The parts of the book that really stuck with me for some reason were the very first two paragraphs, when Morgaine says,
"In my time I have been called many things: sister, lover, wise-woman, queen."
All the way through to,
"And now, when the world has changed and Arthur - my brother, my lover, king who was, and king who shall be - lies dead (the common folk say sleeping) in the Holy Isle of Avalon, the tale should be told as it was before the priests of the White Christ came to cover it all with their saints and legends."
I think it completely sets the tone for the entire book, and Davina Porter's voice really brings it to life.
I didn't have any extreme reactions to this book, mostly because even the sad parts were cloaked in mystery and sereneness. You sort of glide through from beginning to end in an enchanted haze. It was different!
Before listening to this book, I had already listened to the entire Outlander series, which Davina Porter also narrated. Each audiobook is very long, so in total, I'd listened to about 326 hours of Davina telling the Outlander tale. I was craving more of Outlander after that, so I looked at what else she had narrated. The Mists of Avalon caught my eye, and even though I was hoping the narration would remind me of Outlander, it didn't! Her voice wasn't that different, but I found that I never thought about Outlander while listening to this book! That, to me, was an impressive thing! I was sucked in by the story, and not just the voice.

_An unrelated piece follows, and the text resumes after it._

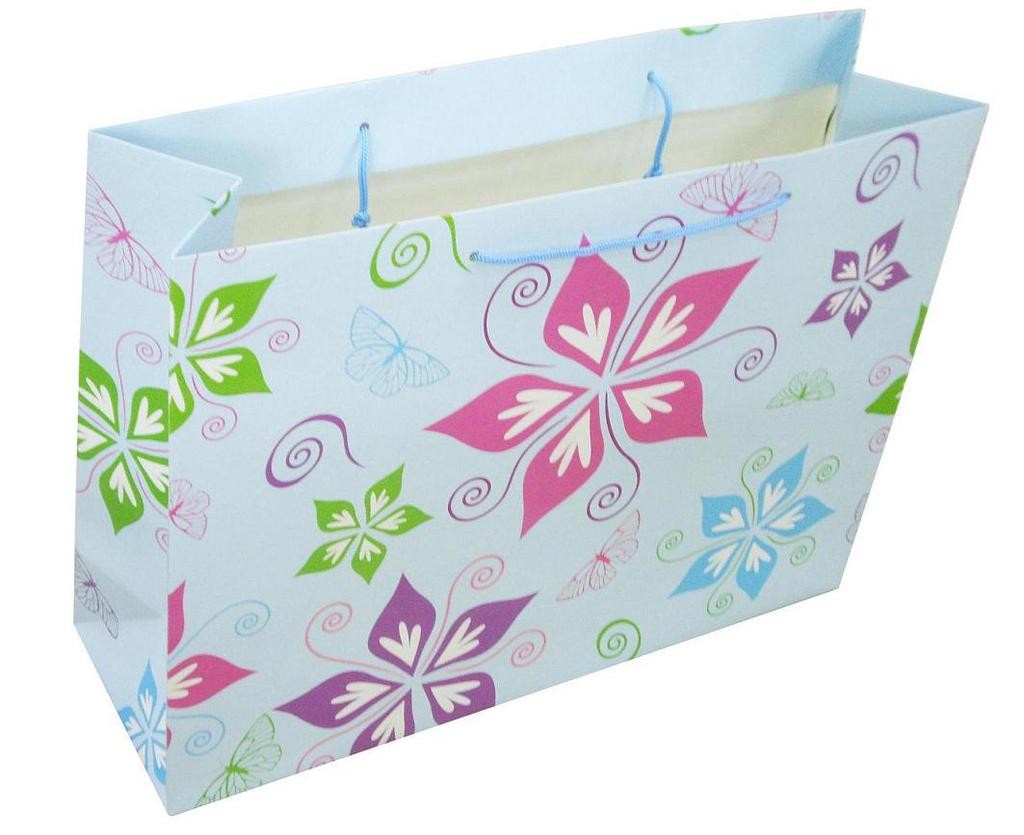 怎么區(qū)分牛皮紙的腹膜紙袋和不腹膜紙袋? 怎么區(qū)分牛皮紙的腹膜紙袋和不腹膜紙袋?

I love literary fiction and I occasionally delve into non-fiction. I love books that are suspenseful and am really into well-told stories.
Wow. I was so disappointed with this book as an audio book. I haven't read it since I was young, but I remember loving it so much that I could barely but it down.
I don't think it is produced or directed well. There is nothing wrong with the source material, so it isn't that. This just failed to grab me.